__Supplied material__
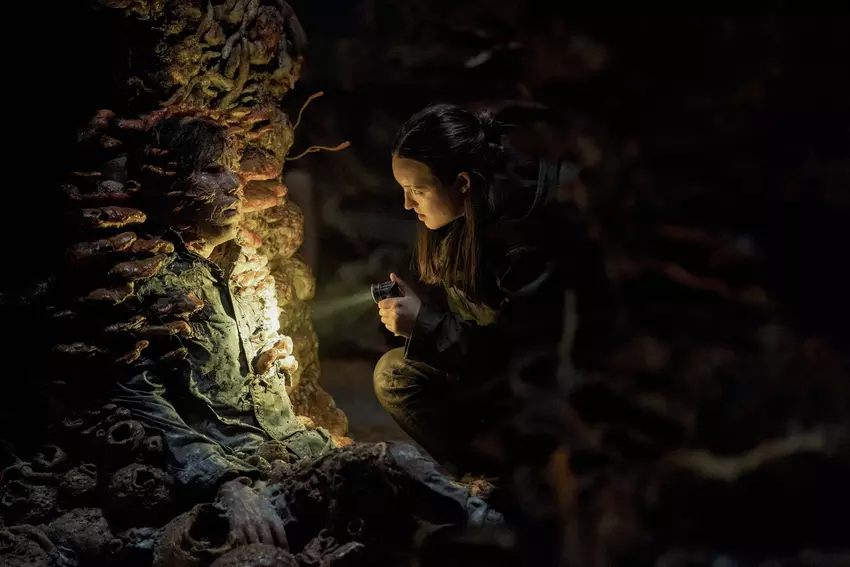 Terugkeer van de sporen: hoe The Last of Us seizoen 2 een andere angstaanjagende manier integreert om besmet te raken met cordyceps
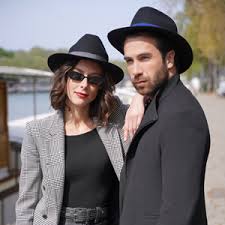 Quel Chapeau Pour Votre Style Kanopi Le Chapeau Francais
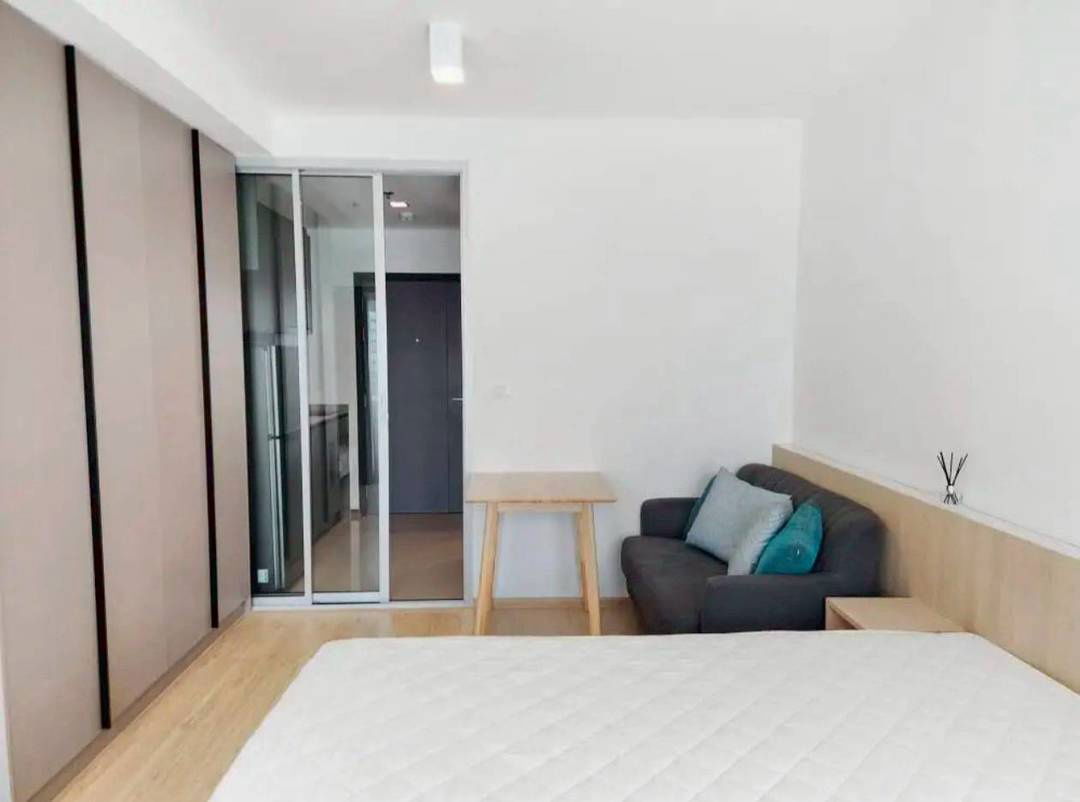 รูป Ideo Sukhumvit 93  ✨🌟 Studio 26 sq.m 14,000 - รูปที่ 3/10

__Assignment__
Only an exact copy of the lines from the one with "Quel Chapeau Pour" through the last line of the data above is wanted, and no pictures.

__Exercise response__
 Quel Chapeau Pour Votre Style Kanopi Le Chapeau Francais
 รูป Ideo Sukhumvit 93  ✨🌟 Studio 26 sq.m 14,000 - รูปที่ 3/10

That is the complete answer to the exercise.